Helene Byrnes_Hospice PSW.jpg

“On June 6, our Family will Hike for Hospice”

On Nov 28, 2019, Dad had a seizure. It was a turning point for our family.

As Dutch immigrants, he and our mother had raised five children on a dairy farm near Kinkora. He was a kind, gentle and faithful man who set a good example for having a strong work ethic, being honest, instilling the importance of family, and volunteering.

Since our father’s diagnosis earlier in the month with end-stage lung disease, our family supported our parents during the day, leaving Mom on her own at night with him in their apartment at Anne Hathaway Residence. She was not sleeping well, fearful of his oxygen tube getting displaced.

The seizure further added to Mom’s worries. She was frightened it might happen again when she was alone with him or worse, that she might not want to continue living in their new home with the memory of Dad dying in his chair; a home they had lived in for two years and where they had developed many new friendships.

From that night on, our family provided 24-hour care for our parents with some community supports.
Yet even though we had a large family, we were quickly overwhelmed. The decision was made to refer Dad to Rotary Hospice.

By the time he moved in two weeks later, we were exhausted.

Walking through the front doors at Rotary Hospice, the heavy weight of responsibilities was lifted off our shoulders.

Our family could go back to being the wife and children to Dad and not be responsible for his personal care such as toileting and dressing; giving Dad back the dignity he so deserved. It also meant we were able to spend quality time with Dad, sharing stories, praying with him, and creating new memories!
The first night in the Hospice, I slept over on the pull-out couch in Dad’s room to make sure he was adjusting to the new surroundings. We had nothing to fear; he was in good hands.

Up until this point, my siblings had not visited a hospice and were not sure what to expect. They appreciated the peaceful, welcoming atmosphere and the genuine kindness shown by the staff and volunteers.

Dad spent six weeks at Rotary Hospice. Not only was he well cared for, so was our entire family.
The staff and volunteers were very personal and sensitive to our needs and often spent time with us providing emotional support. Coffee/tea and a sweet treat or a hot bowl of soup were available anytime of the day. Mom usually had an afternoon nap in a reclining chair at dad’s bedside and she was often covered with a warm blanket brought in by a volunteer as she slept. Dad was offered homemade meals (on his schedule) when he was awake. I remember a staff member taking Dad’s breakfast order while kneeling on the floor so that she was at eye level with him as he lay in bed on his side.

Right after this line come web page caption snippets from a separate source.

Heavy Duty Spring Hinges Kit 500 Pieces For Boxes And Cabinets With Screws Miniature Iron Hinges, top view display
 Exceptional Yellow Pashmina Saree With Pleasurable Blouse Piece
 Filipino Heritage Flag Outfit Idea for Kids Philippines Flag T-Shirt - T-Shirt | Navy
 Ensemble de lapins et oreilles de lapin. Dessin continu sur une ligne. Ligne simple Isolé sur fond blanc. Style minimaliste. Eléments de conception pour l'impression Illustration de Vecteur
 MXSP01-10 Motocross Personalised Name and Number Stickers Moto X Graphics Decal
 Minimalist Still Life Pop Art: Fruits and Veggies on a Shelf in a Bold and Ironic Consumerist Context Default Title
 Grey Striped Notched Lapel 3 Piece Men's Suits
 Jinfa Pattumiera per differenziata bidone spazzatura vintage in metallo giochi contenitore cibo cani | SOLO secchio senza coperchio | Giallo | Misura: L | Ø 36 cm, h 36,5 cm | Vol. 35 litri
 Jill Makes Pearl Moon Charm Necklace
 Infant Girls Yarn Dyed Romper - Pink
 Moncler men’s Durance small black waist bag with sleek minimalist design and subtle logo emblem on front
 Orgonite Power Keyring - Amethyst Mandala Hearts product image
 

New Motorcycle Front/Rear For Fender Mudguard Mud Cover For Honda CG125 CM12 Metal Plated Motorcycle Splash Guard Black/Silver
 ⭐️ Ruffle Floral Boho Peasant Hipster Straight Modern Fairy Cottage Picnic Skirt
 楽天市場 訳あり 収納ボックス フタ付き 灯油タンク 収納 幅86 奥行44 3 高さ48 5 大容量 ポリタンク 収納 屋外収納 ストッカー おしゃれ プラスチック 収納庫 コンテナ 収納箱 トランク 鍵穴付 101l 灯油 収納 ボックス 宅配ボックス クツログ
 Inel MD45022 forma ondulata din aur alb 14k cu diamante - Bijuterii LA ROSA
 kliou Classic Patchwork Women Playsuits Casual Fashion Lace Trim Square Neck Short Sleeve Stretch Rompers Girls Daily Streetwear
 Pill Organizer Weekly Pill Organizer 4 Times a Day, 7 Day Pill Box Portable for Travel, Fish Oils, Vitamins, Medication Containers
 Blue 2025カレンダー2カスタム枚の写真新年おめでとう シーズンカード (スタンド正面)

On January 21, 2020 Dad suffered a stroke and died peacefully five hours later with his family at his bedside.

Leaving Rotary Hospice for the last time, we were touched by the respect shown for our Dad and our family when the staff and volunteers formed an honour guard. It was an emotional moment when, as part of the ceremony, Mom lit a floating candle in his honour as a final gesture of farewell.

Our parents were early supporters of Rotary Hospice; as my Dad once said, ‘we may all end up there one day’. On Sunday, June 6 our family will participate in Hike for Hospice in memory of Dad – and so that others may experience the same end-of-life quality experience our family was so grateful to receive.

As shared by Dianne Parr (nee Nyenhuis). Daughter, community hospice volunteer.